(EXCERPTED DATA)
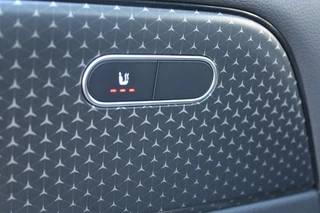 Mercedes-Benz B-Klasse – thumbnail 15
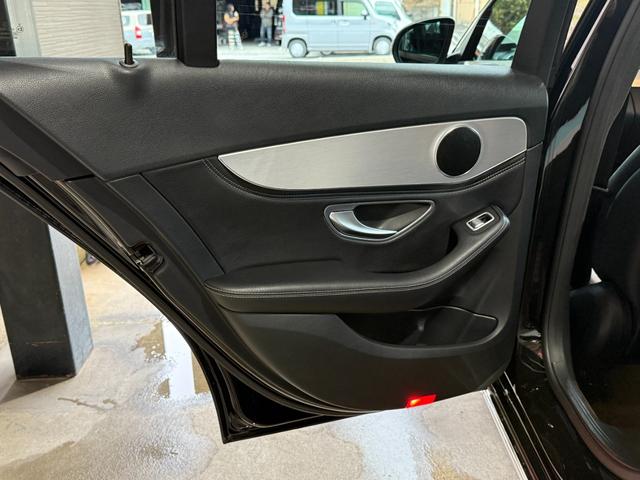 ����������S��������z�n�j�I���O��������̂��₢���킹���劽�}�ł��B�䌩�ς��肾���ł����₢���킹�������B�@���d�b�ł̖����t���[�_�C�����@�O�O�V�W�|�U�O�S�W�|�X�W�T�Q�@�S��肨�҂����Ă���܂�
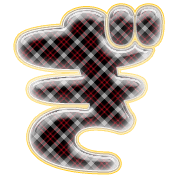 057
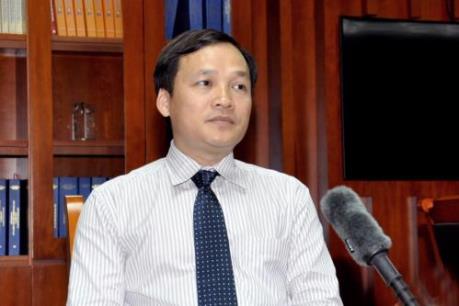 Điều chỉnh cơ cấu nợ công theo hướng bền vững hơn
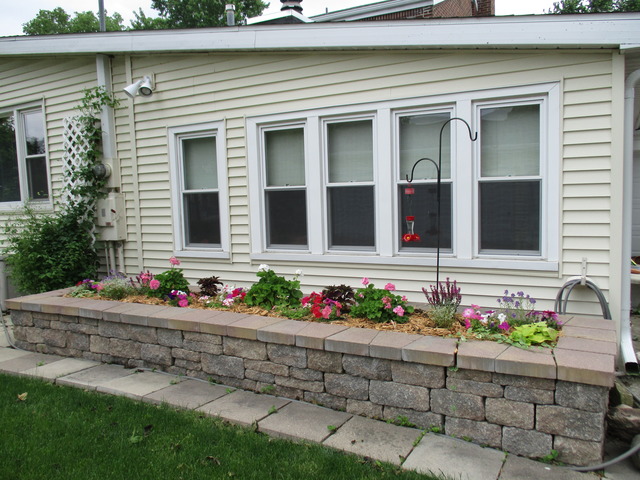 2030 Caton Rd, Ottawa, IL 61350 photo 23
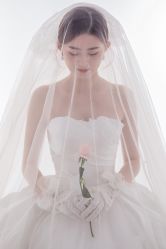 -布拉格婚纱摄影(真实客片店)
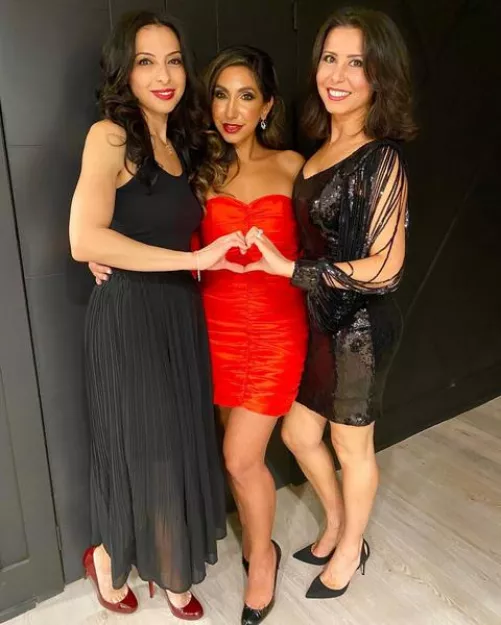 Hearts For All by blacksissytrainer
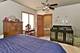 12844 S Carondolet, Chicago, IL 60633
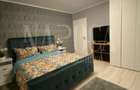 Apartament cu 3 camere semidecomandat în Zorilor - 1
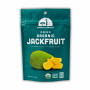 Mavuno Organic Dried Jackfruit 2 oz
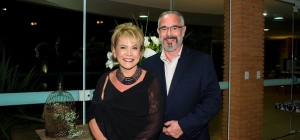 Especial Dia do Médico: Limeira comemora com grande jantar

(EXERCISE DETAILS) From the top of the listing above, repeat each line exactly until you reach the line containing "Mavuno Organic Dried Jackfruit 2 oz", and repeat that one too. Leave the pictures out.

(WRITTEN REPLY)
 Mercedes-Benz B-Klasse – thumbnail 15
 ����������S��������z�n�j�I���O��������̂��₢���킹���劽�}�ł��B�䌩�ς��肾���ł����₢���킹�������B�@���d�b�ł̖����t���[�_�C�����@�O�O�V�W�|�U�O�S�W�|�X�W�T�Q�@�S��肨�҂����Ă���܂�
 057
 Điều chỉnh cơ cấu nợ công theo hướng bền vững hơn
 2030 Caton Rd, Ottawa, IL 61350 photo 23
 -布拉格婚纱摄影(真实客片店)
 Hearts For All by blacksissytrainer
 12844 S Carondolet, Chicago, IL 60633
 Apartament cu 3 camere semidecomandat în Zorilor - 1
 Mavuno Organic Dried Jackfruit 2 oz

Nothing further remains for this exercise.